First-run sanity check:

claude
> what model am i talking to and what is my plan
> /usage

The /usage command was the merge of the older /cost and /stats commands in v2.1.118. The old names still work as aliases.

Model Selection: Opus 4.7, Sonnet 4.6, Haiku 4.5

Anthropic's current lineup is the Claude 4.x family. Opus 4.6 and Opus 4.5 are reasoning specialists with deep planning capacity. Sonnet 4.6 (and Sonnet 4.5 before it) is the balanced model that most users default to. Haiku 4.5 is the speed-and-cost model for high-volume cheap work. Opus 4.7 with a native 1M-token context window has rolled out for sessions that need to hold entire codebases or hundreds of files at once. As of v2.1.119, Opus 4.7 sessions correctly compute against the model's native 1M context, which fixed inflated /context percentages and premature autocompaction.
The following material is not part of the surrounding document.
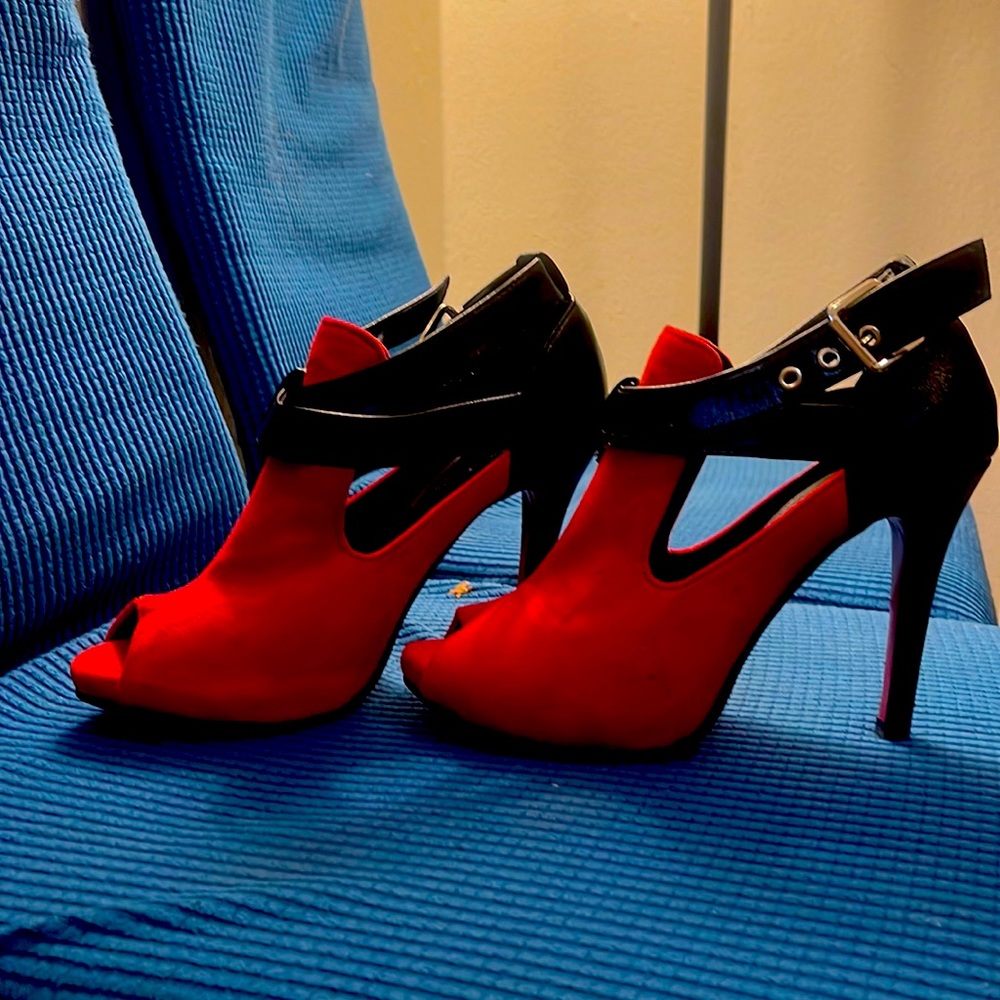 Size 37 shoes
Practical guidance: start a new session on Sonnet 4.6 for normal feature work. Switch to Opus when a task is hard, ambiguous, or genuinely architectural. Drop to Haiku for narrow grunt work like renames or doc passes. The default effort level for Pro and Max subscribers on Opus 4.6 and Sonnet 4.6 is now high, which was raised from medium. You can change effort per session in /model or per project in settings.

Switch model mid-session:

> /model opus-4-7
> /model sonnet-4-6
> /model haiku-4-5

Skills: The Most Important 2026 Feature

Skills are directory-based capability bundles. A skill is a folder with a SKILL.md file that describes what the skill does and when Claude should invoke it, plus optional supporting files, scripts, and references. The CLI auto-discovers skills at two paths:

• Global: ~/.claude/skills/<skill-name>/SKILL.md
• Project: .claude/skills/<skill-name>/SKILL.md

Every skill auto-creates a /skill-name slash command. You also install skills from plugins via /plugin install <name> or add a marketplace with /plugin marketplace add <repo>.

Skills matter because they are how you teach Claude Code domain procedures that survive across sessions and across context resets. We maintain a private skill library at Petronella for things like our deploy gate sequence, our CMMC documentation generation patterns, our blog quality checks, our n8n workflow patch idioms, and a /fresh skill that ends a session by saving memory and pushing to GitHub. The skill is the unit of organizational knowledge that the agent can carry into a new context window.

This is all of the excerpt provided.